Witaj Miszelino
W poniedziałek cewnik został wyjęty.
Został pobrany mocz do badania i krew ( profil nerkowy ).
Badania krwi są dobre. Lekarz powiedział, że wszystko jest w porządku.
Jeżeli chodzi o badanie moczu, to nie do końca było ono dokładnie zrobione. Wet powiedział, że ph moczu jest w porządku. Jest trochę erytrocytów, ale mogą być, bo był założony cewnik. Osad nie był zrobiony, bo jak ph jest dobre, to kryształów nie będzie. Tak powiedział wet. Ja się na tym nie znam, więc muszę wierzyć, że tak jest.
Obecnie Tamiś bierze:
Loxicom ( przeciwzaplany) w syropie 1xdz
Synulox ( antybiotyk ) 2xdz 1/2 tab
UrinoVet 1xdz
Urosept 1xdz
Wczoraj i dzisiaj podałam też Nospę.
Kupiliśmy kocurkom fonntanę i dzisiaj już ją mamy
ale jak na razie nie ma specjalnego zainteresowania.

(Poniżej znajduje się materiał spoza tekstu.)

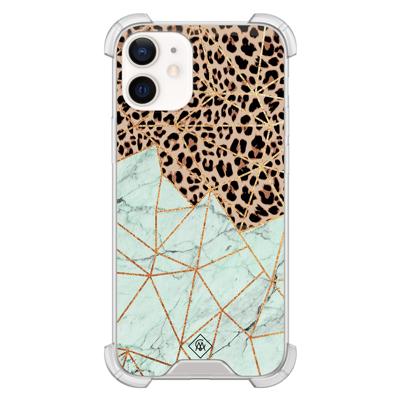 iPhone 12 mini shockproof hoesje - Luipaard marmer mint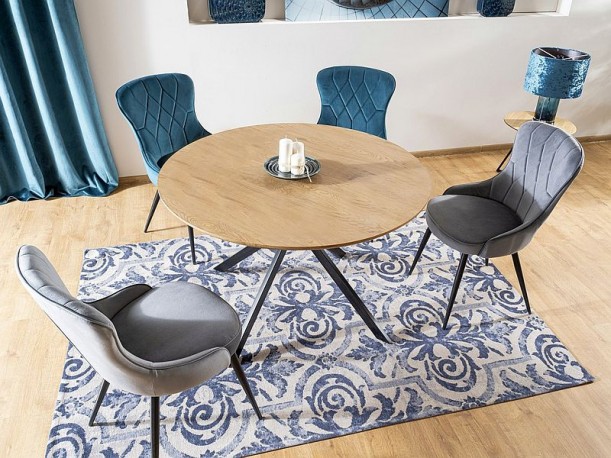 CLELAND - 120 CM - RUNT MATBORD EK OCH SVART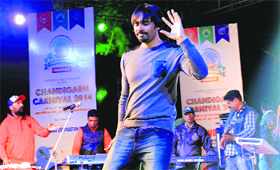 Punjabi singer Babbu Mann performs at the Chandigarh Carnival on Saturday evening.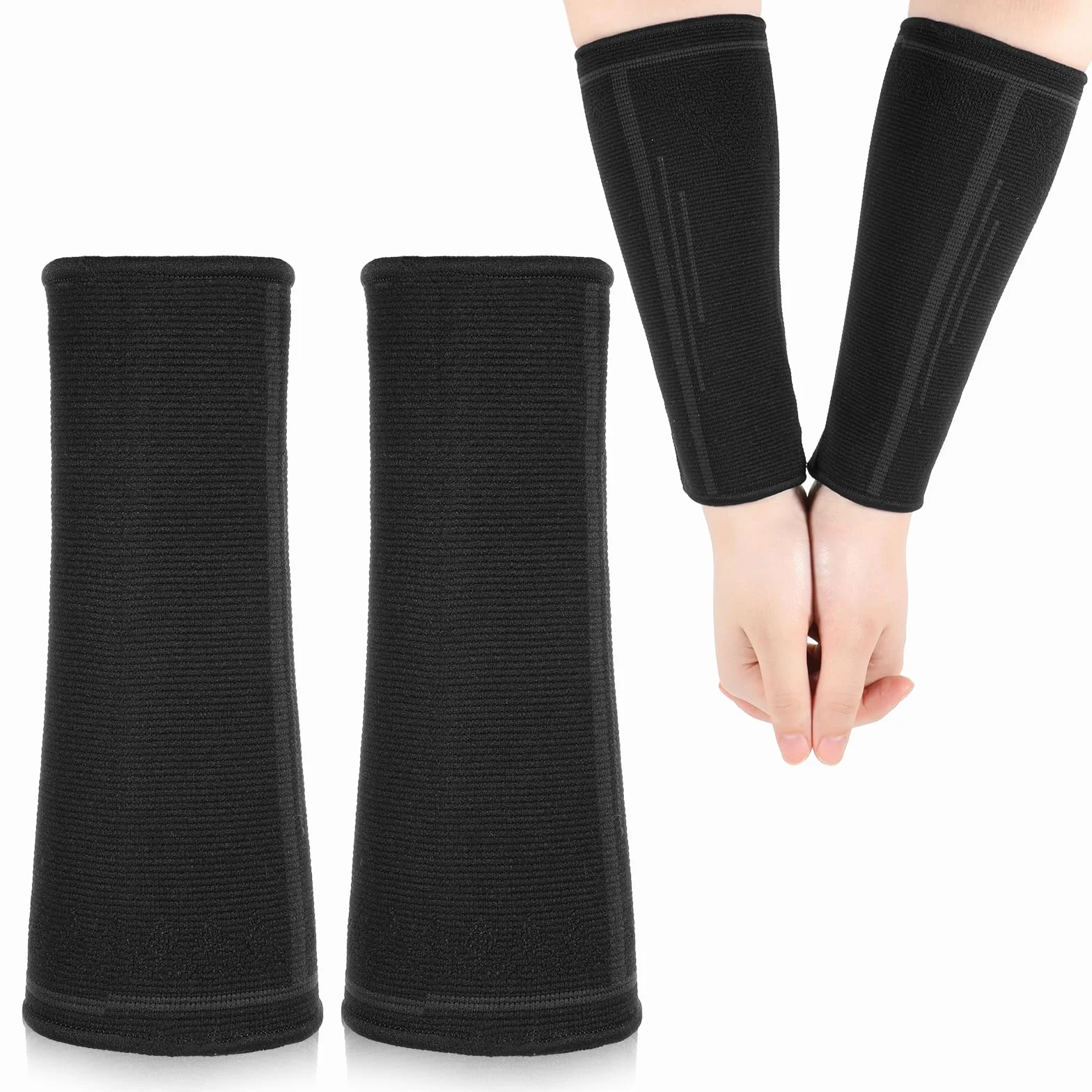 InnoHHustle - Bandage pour l'avant-bras, Manches de compression pour volleyball - Manches noires - Protège-bras pour volleyball - Protection antidérapante pour le sport - Bandage de bras pour le vélo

Może z czasem to się zmieni, a kupiliśmy taką.
http://www.zooplus.pl/shop/koty/automat ... nna/174528 Jeżeli chodzi o Tamisia samopoczucie, to martwi mnie, że chodzi i bardzo często " posikuje" w różne miejsca. Może cewka moczowa jest podrażniona po cewniku i dlatego Tamiś chodzi i oddaje tak często mocz? Są to małe ilości moczu. Bardzo mnie to martwi i zastanawia, czy to mu przejdzie?
Zaczął się bawić i z bratem urządza kocie zapasy. Widać,że czuje się znacznie lepiej.